驚いた。鳩山首相にはまだまだ驚かされることがあるに違いない、動顛するなよ、と気を張っていたというか、逆に脱力し切って連休だし食い物ものことでも考えつつ見守っていたのだが、すごいことになった。瞼を閉じたのではないのに視界に鉄板のブラインドがずんと落ちてきて、日本の未来なんにも見えない状況に陥った。我ながら修行が足りない。
何に驚いたか。普天間飛行場撤去問題を自民党案の修正に戻しますごめんなさい、ではない。そんなことは、昨年の政権交代選挙の一か月前に「民主党の沖縄問題の取り組みは自民党同様の失敗に終わるだろう: 極東ブログ」(参照)に予想していたことだ。沖縄県外移設をまともに探ぐってないツケでやっぱりダメでしたが徳之島に一部名目上の移設はしますから許してね、でもない。その手の論法は、「オバマ米大統領が民主党鳩山首相にガッカリしたのがよくわかった: 極東ブログ」(参照)でわかっていた。驚いたことは、この人、国家安全保障がまるでわかっていないのだということだ。こういう人を日本国民は日本国の長に就けちゃっただんだということだ。
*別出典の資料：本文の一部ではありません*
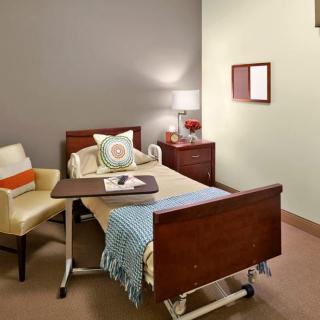 A cozy hospital room with a bed, chair, and bedside table.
今朝の大手紙社説では日経だけがその片鱗に気がついていた。「首相は在日米軍の役割を明確に説け」(参照)より。
やはりそうだったのか、と思わざるを得ない。就任当初、米海兵隊が沖縄に必ずしもいなければならないとは思っていなかった。鳩山由紀夫首相はそう認めたのである。
首相は就任して以来、初めて、沖縄県に入り、米軍普天間基地の移設への協力を要請した。その後の記者団への発言である。
普天間をめぐる8カ月近くの迷走を招いたのは、この問題を軽く扱った首相の認識の甘さだ。沖縄の米海兵隊が何のためにいるのか。回り道をしてようやく、そんな基本的なことに気づいたとすれば、お粗末というほかない。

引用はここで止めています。